The metereologist was appointed as PAGASA director in November 2007 by former President Gloria Macapagal Arroyo.

===Typhoon Conson===
In July 2010, the Philippines were hit by Typhoon Conson (Basyang), the second tropical cyclone during the 2010 Pacific typhoon season to impact the nation.

Conson was poorly forecast by PAGASA. From July 12 to 13, Conson was forecast to hit Aurora and Isabela provinces. But, at 11 pm PST (1500 UTC) on July 13 PAGASA changed its forecast from hitting Aurora and Isabela provinces, to Quezon province, Metro Manila and southern Luzon provinces. However, residents living in those areas were not advised that the typhoon would hit their area and they also were not informed that public storm signal number 2 was raised. With this, severe damage ensued in the said areas. Later that same day, President Benigno Aquino III reprimanded PAGASA for failing to predict that Conson would pass over Manila.
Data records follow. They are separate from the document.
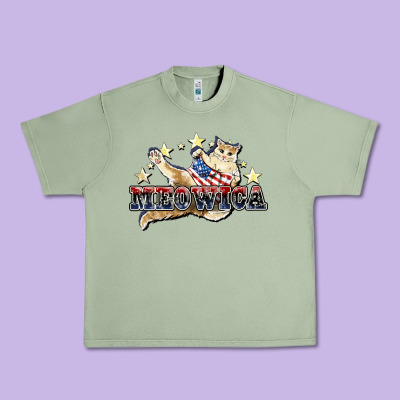 Meowica Cat Urban Heavy Tee Designed By Nancycooperartshop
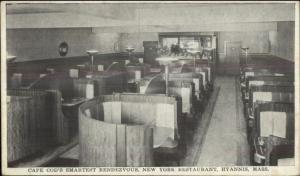 Hyannis Cape Cod MA New York Restaurant Interior c1920s Postcard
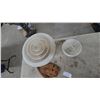 Image 2 : Two White Ribbed Glass Light Shades, One on Metal Base, and a Baseball Glove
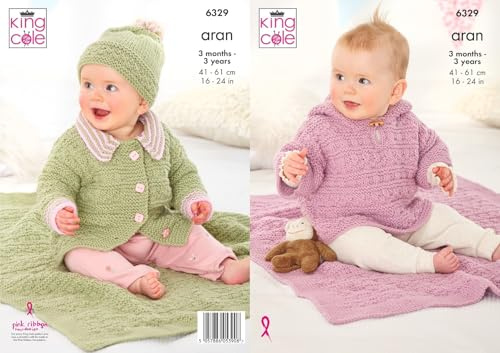 King Cole Baby Aran Knitting Pattern Jacket Hat Hooded Top and Blanket 6329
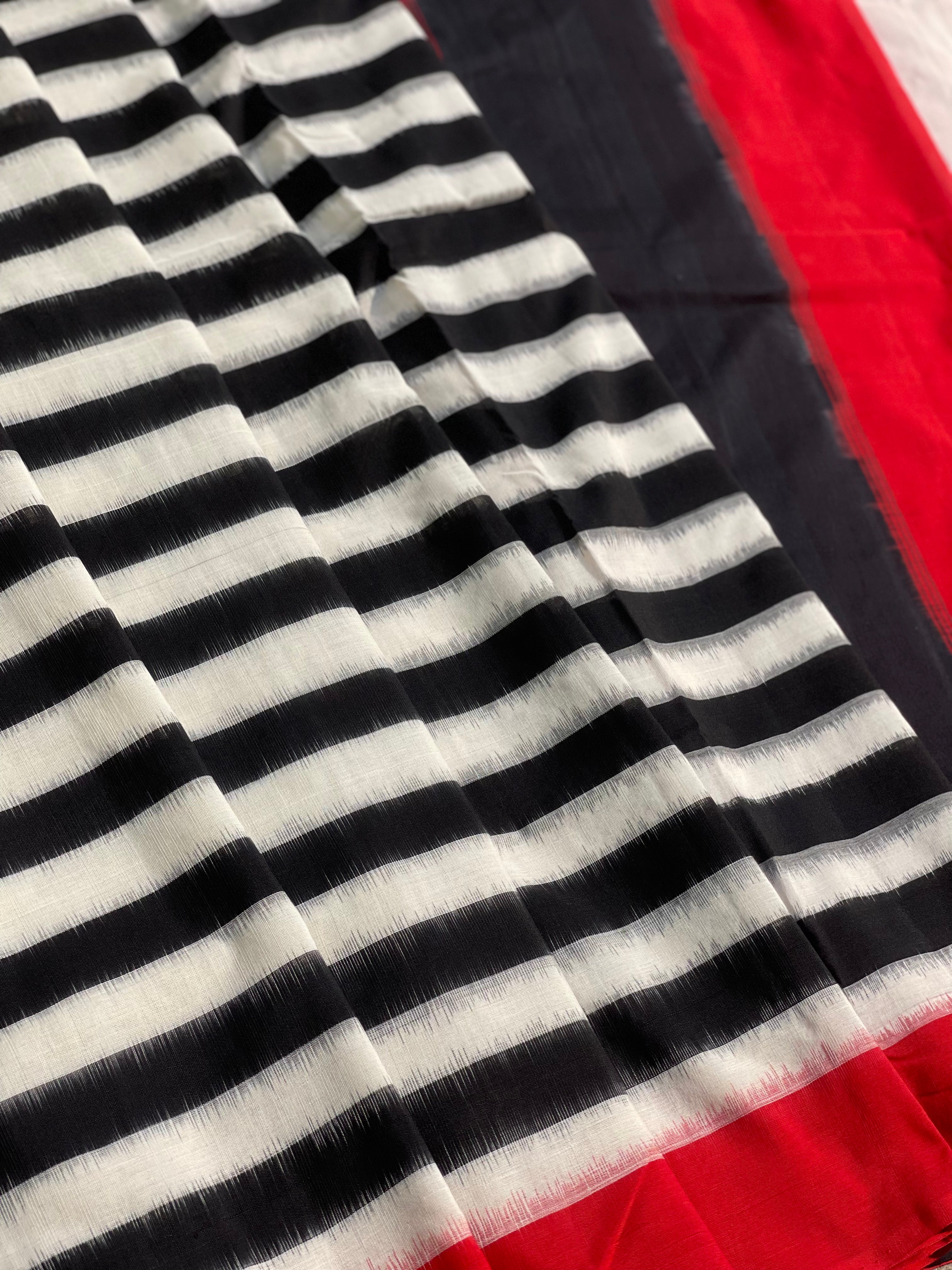 A Contemporary style striped double Ikkat cotton saree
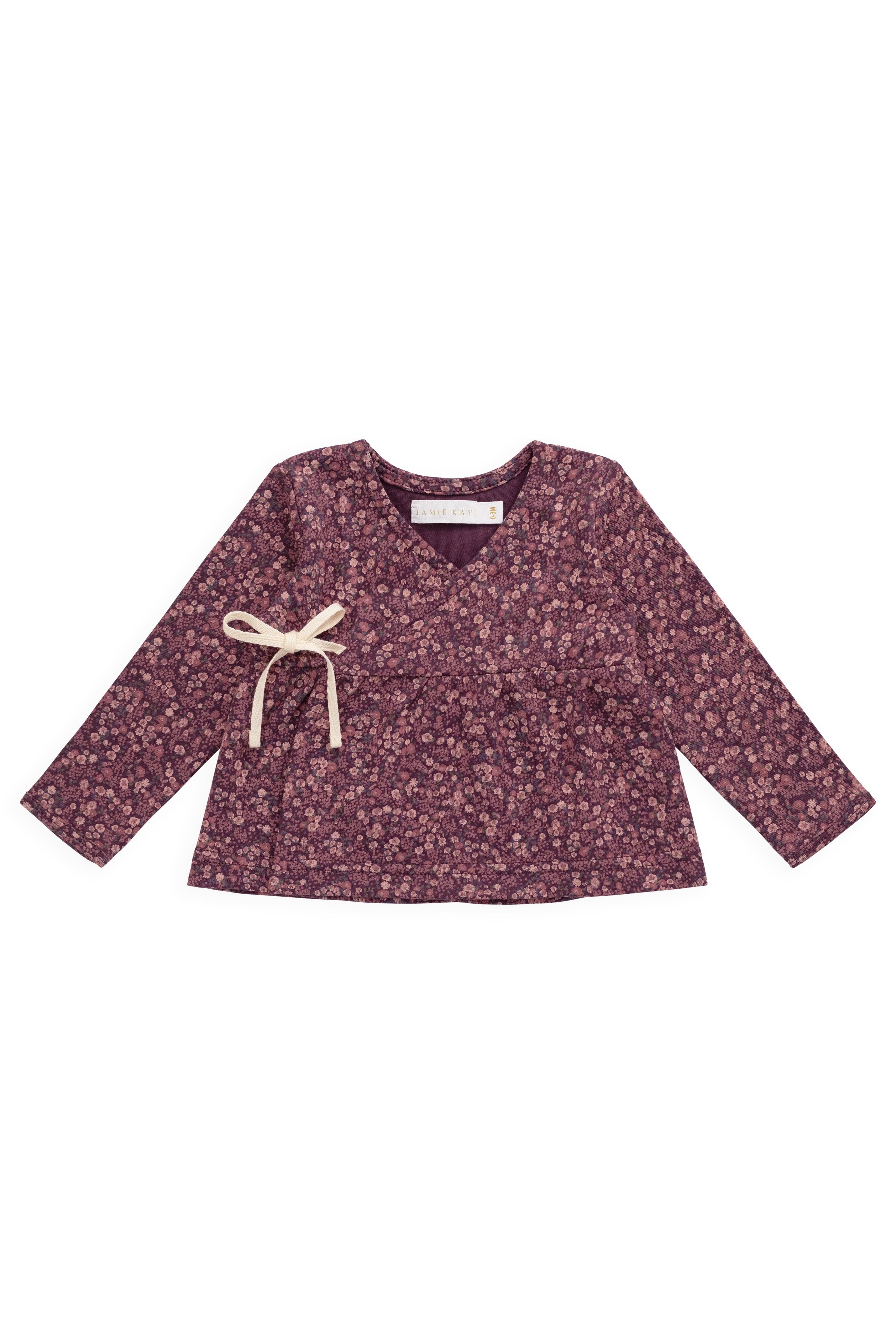 Organic Cotton Clemence Wrap Top - Fig Floral - Image 2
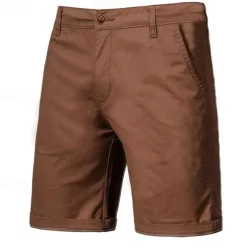 Men's Dress Shorts Work Shorts Golf Shorts Pocket Plain Comfort Breathable Knee Length Outdoor Business Sports Casual Black White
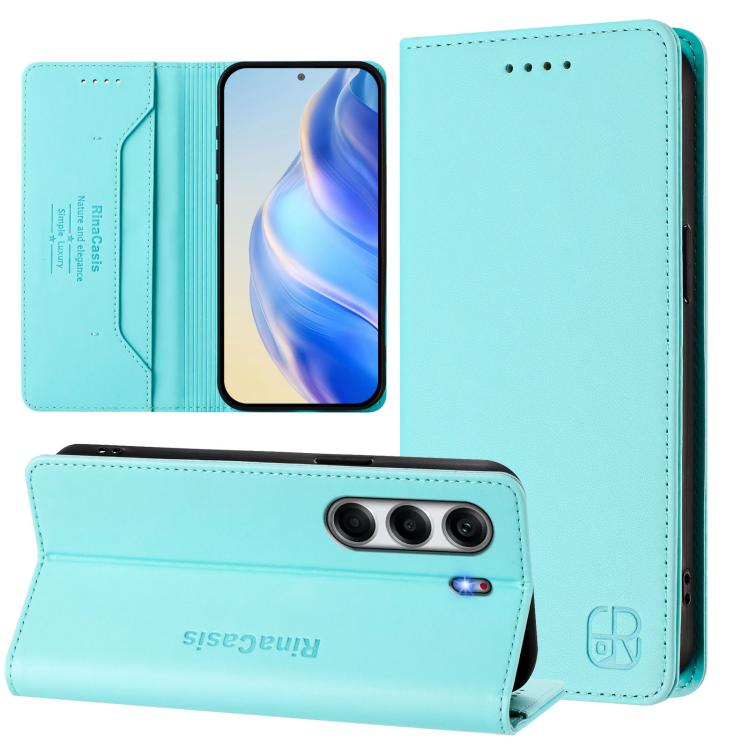 Dual-fold magnetic suction RFID leather phone case, mint green, front and back views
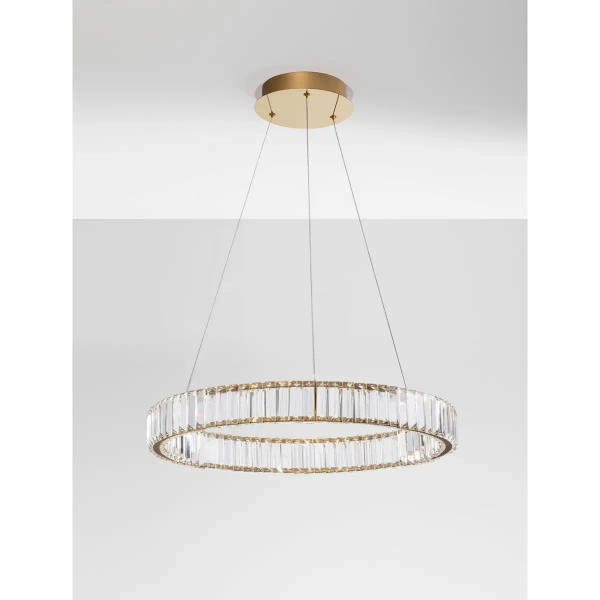Wisząca lampa kryształowa Bauta okrągła LED 40W 3500K złota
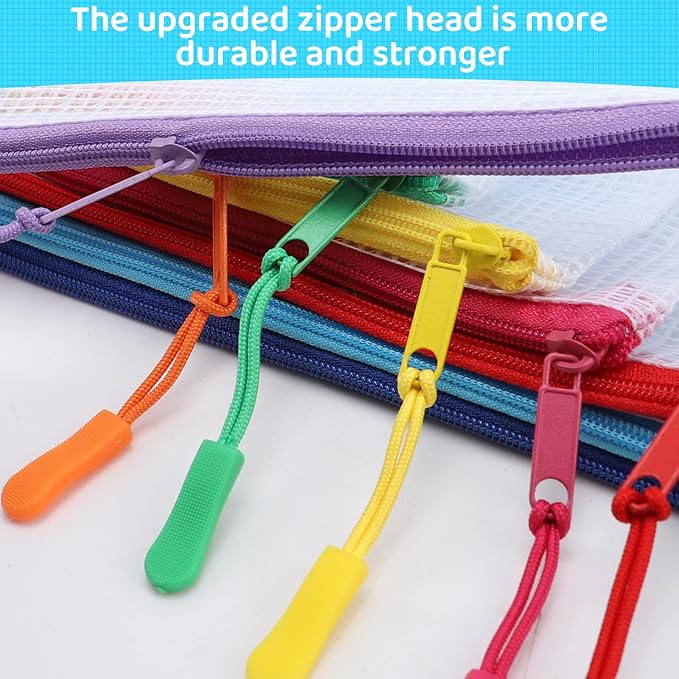 YOPCDJ 24pcs Mesh Zipper Pouch File Bags Puzzle Storage Bags, A4 13x9 Inches Large Reusable Zipper Pouches for Organizing Classroom Board Game Organization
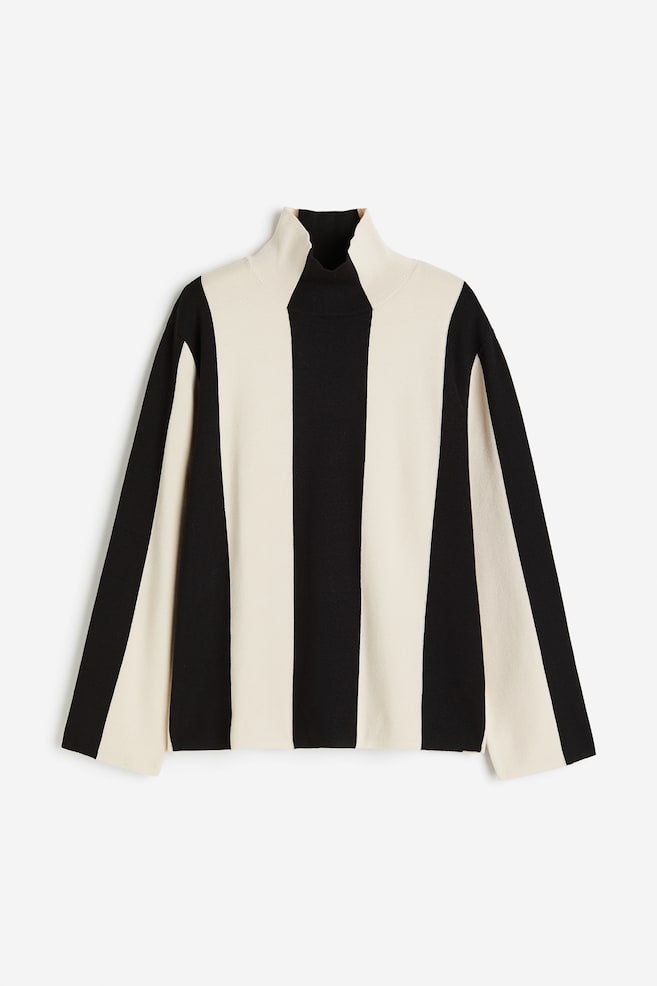 Turtleneck jumper - Natural white/Black striped/Cream/Striped/Black/Striped - 2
As a result, Aquino criticized PAGASA for not warning the residents of Metro Manila about the strong tropical storm that struck the nation's capital. However, according to Dr. Nilo and PAGASA, the agency didn't have adequate equipment to "accurately" predict a movement of a storm and the weather forecasting instruments were too old and needed to be upgraded.